Why We Don’t Care About Hard Work

America is a nation that loves effortlessness, or at least its appearance. Do you know how many hipsters we have? Haven’t we popularized athleisure? Didn’t we give the world the Kardashians? These icons of our culture (they’re iconic in that they’re well-known) do not signify hard work and yet we exalt them. In fact, we detest people who look like they’re trying too hard. America prefers overnight effortless successes. America loves the idea of being thin without starving or craving. America hates the idea that it takes a lot of work to be at the top of one’s game.
So if hard work doesn’t get us ahead, what does? In Great at Work, Morten Hansen tells an anecdote about when he noticed that, though he killed himself working grueling hours, he still wasn’t getting the results of his colleague who worked far fewer hours. She was far less stressed and got better results. Do you think their employer thought he was better for working hard? Nope!
No one prefers the guy who works hard over the girl who works efficiently and gives better results. You may say, she worked hard to be so efficient- but the author admits that he has always put 100% effort into everything he does. He has always worked hard, but hadn’t learned to work smart.
The point of the book is that you have to focus your hard work on the important, specific small things in order to succeed. Too often, people focus on tons of unnecessary things. Like hard work. People work hard, but they never get ahead.

How My Parents Got Ahead

My parents came to this country with very little and are very comfortable now. My parents didn’t work that hard. And by that, I mean to say, they weren’t toiling in the fields, doing back-breaking labor. They weren’t working crazy hours hustling. They worked hard on a few finite items that I believe led to their ultimate success.

1. My Parents Made Safe Bets.

According to Thinking in Bets, we can’t know for sure what the best decisions are because we have imperfect and incomplete information. The best we can do in life is to make decisions that have a high probability of success.
My dad became an accountant and my mother studied math. These were and still are in-demand fields of study. I don’t know too many hardworking unemployed accountants or mathematicians (some but not a lot).
My dad told me that he used to do accounting for starving artists. They would sell their guitar in order to make rent and when they came into money, they would buy it back. He warned me about this. I mean, I’m certainly not so artistic that I would have pursued a career in the arts. But Asian Americans always want their kids to be able to support themselves. There’s always a push towards “safe jobs.” They want their kids to struggle less than they did. They do this by ensuring that their kids know a trade that is marketable.
In addition to learning a pliable trade, my parents learned other useful skills – like English.

Once, I met this woman in China who told me that she traveled to the country for months at a time every year for 10 years. Then she turns around to the DVD vendor and says in loud English “FIVE!” and spreads her hand open to indicate the same. This woman, who had spent months and months living in China, didn’t even know the Chinese word for “five.”

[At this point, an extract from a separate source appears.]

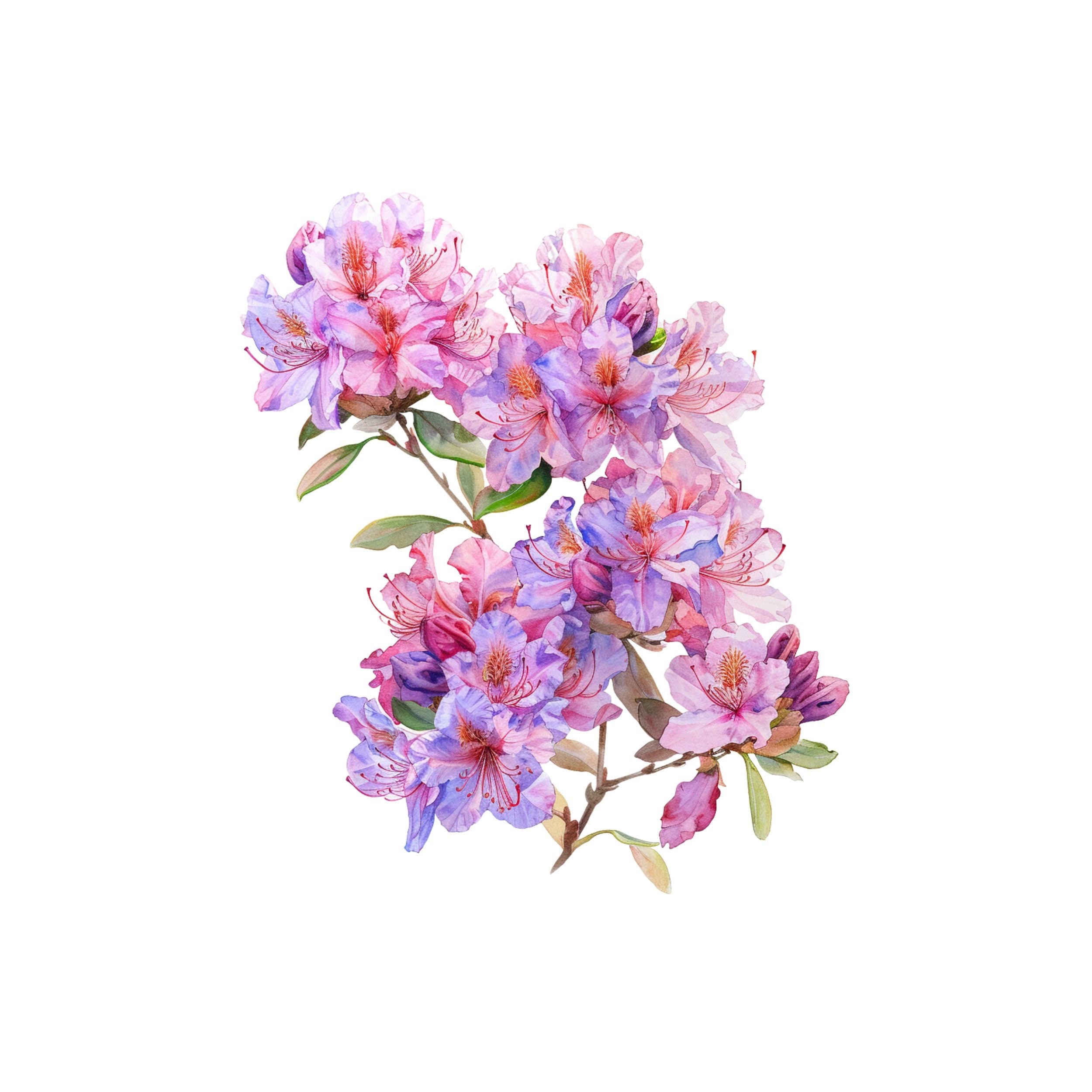 Watercolor Rhododendron Clipart: 17 PNG Flower Graphics (digital Download),  Spring Clipart - Etsy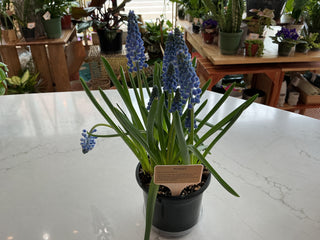 Muscari Plant 4”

Meanwhile, when I was cleaning out my parents’ basement, I stumbled upon my dad’s old English textbook. It’s pretty cute. In the margins, he writes (in his beautiful handwriting) “Study!”
English is my parents’ third and fourth languages. My parents made a concerted effort to learn English, which is the main reason my siblings’ and my Chinese is mediocre. They were constantly practicing and, though their grammar isn’t perfect, their English is far better than the vast majority of immigrants their age. I even remember my dad’s first pun (“I find hostels to be quite hostile.”).
I know people will say people don’t need to learn English to live in America. I mean, you don’t. But it’s going to be difficult for you, just like not knowing Chinese in China is difficult. Granted, if you’re reading this in an English-speaking country, you probably already know the language. But there are other skills you can learn that will be helpful and make you more marketable in your career. If you don’t have a marketable skill (like accounting) and you don’t know the language, employers are more likely to take advantage of you and you won’t know how to get a better job. You don’t necessarily have to use your survival skills, but you’ll be glad to have them if you’re in a pinch.

2. My parents lived within their means.

Well, obviously my parents had to be thrifty. They’re immigrants. My parents drove their cars to the ground and kept the same furniture for decades. We rarely got gifts (you have everything you need! my mom said) and we drove all up and down the east coast for vacations. Not spending all their money helped them to build wealth.
When I’ve talked about “safe bets” above, there’s no such thing as complete safety. Part of making the “safe” bet on engineering, is giving yourself room in case your plan fails. A lot of people get in trouble by making big bets that they don’t think are risky. Like spending $200,000 on a college education. Buying a $1M house. People think, oh education and housing are solid investments. But even with high-paying jobs, these are risky bets. You could still end up hating your engineering job, and then having to work at it for years to pay for your outlandish college bill. You end up needing to sell your “great investment” house because you need to move. Any investment of a large sum of money is risky. It often pays to cut these very large expenses as much as possible.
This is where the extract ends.